▸ GIVEN DATA:
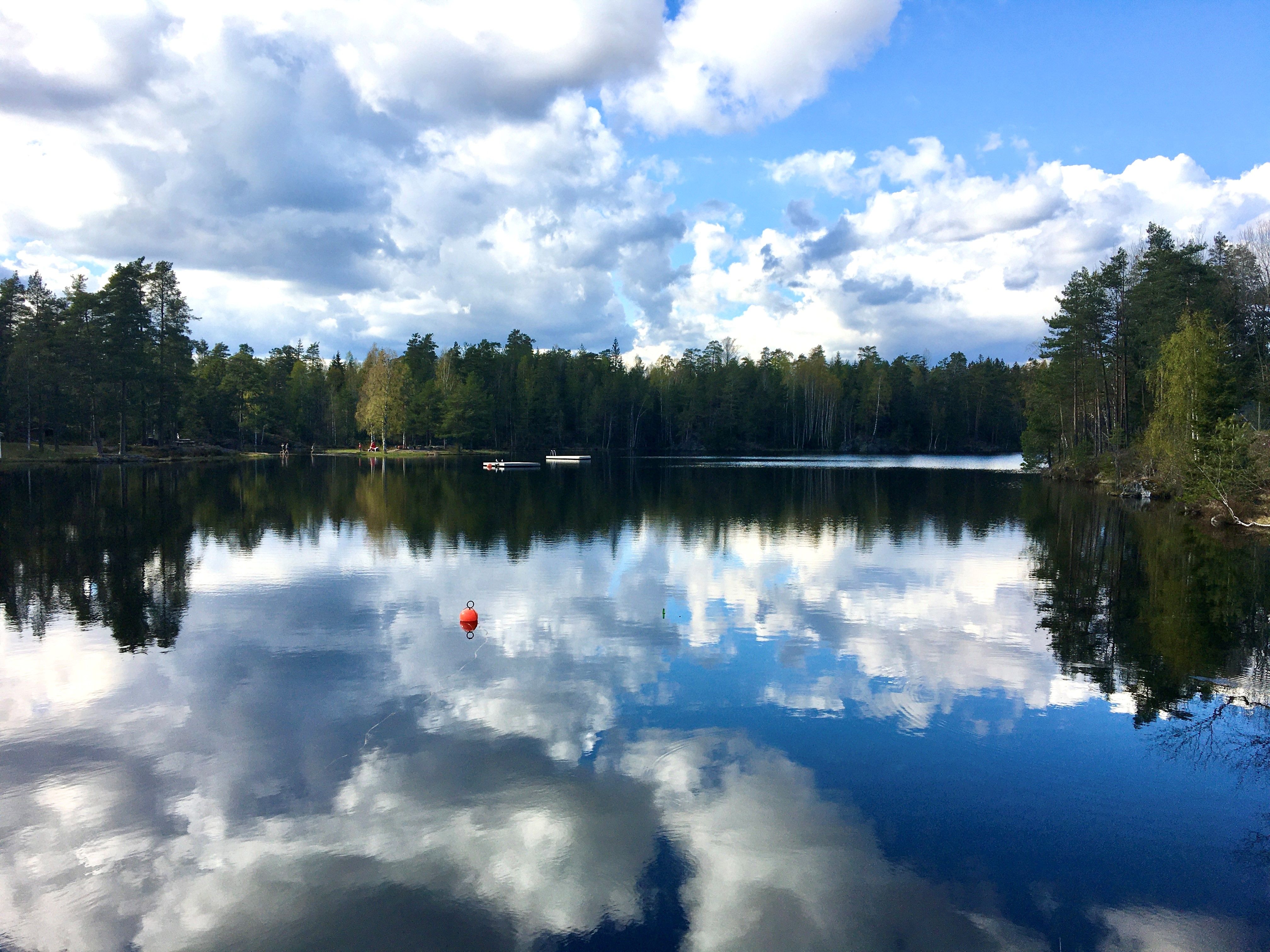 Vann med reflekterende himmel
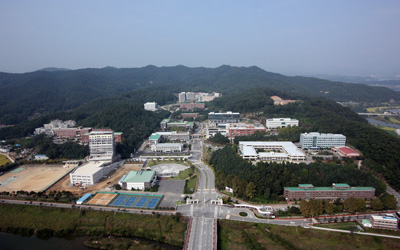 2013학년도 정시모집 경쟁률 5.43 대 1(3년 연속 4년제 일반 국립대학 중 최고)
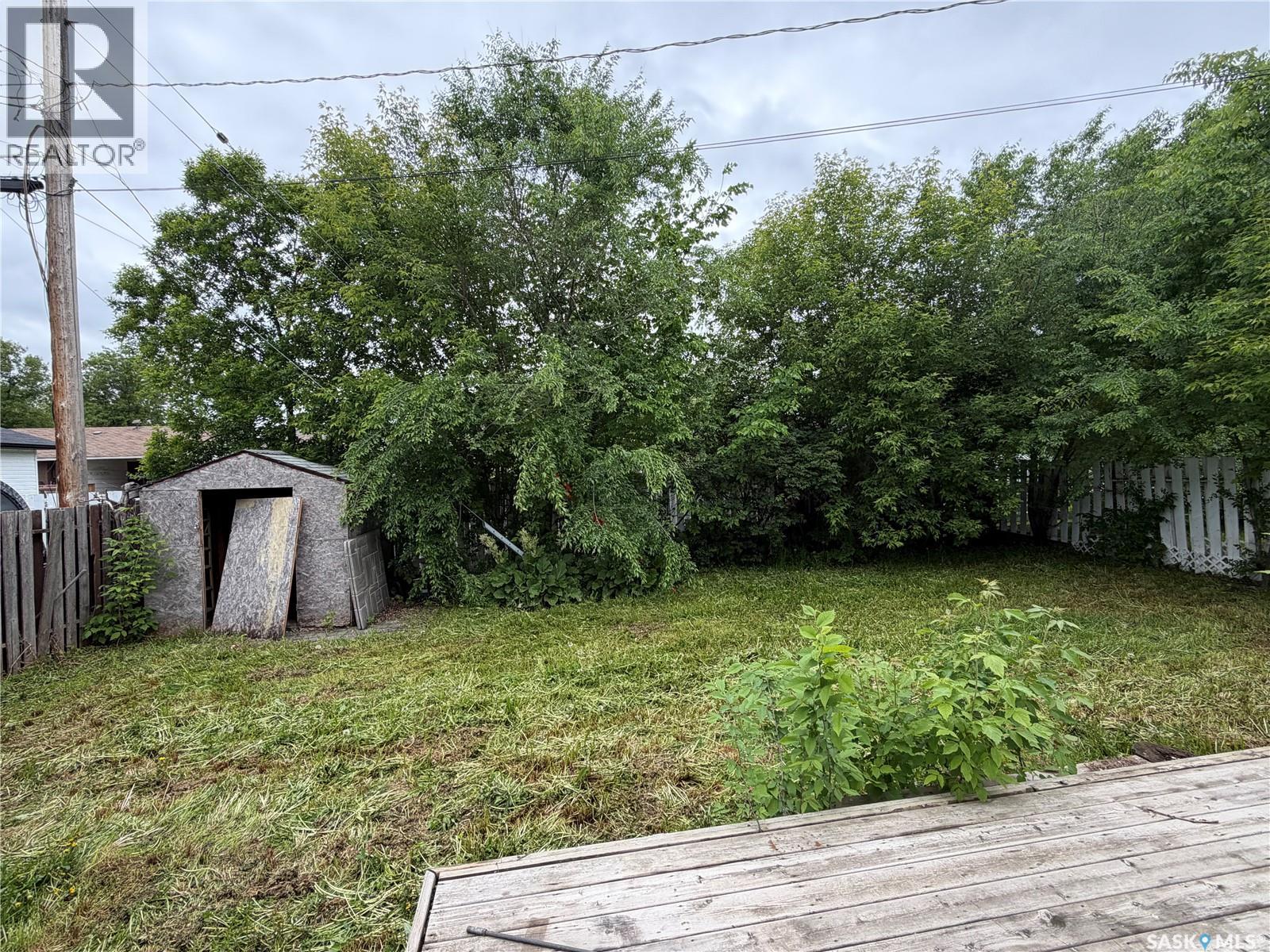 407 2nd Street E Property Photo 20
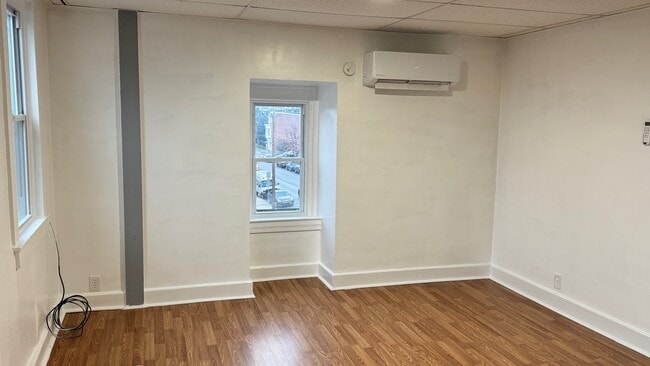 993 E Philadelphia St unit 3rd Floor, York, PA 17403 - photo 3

▸ TASK PROMPT:
Print all the material above exactly, and drop the images.

▸ TASK ANSWER:
 Vann med reflekterende himmel
 2013학년도 정시모집 경쟁률 5.43 대 1(3년 연속 4년제 일반 국립대학 중 최고)
 407 2nd Street E Property Photo 20
 993 E Philadelphia St unit 3rd Floor, York, PA 17403 - photo 3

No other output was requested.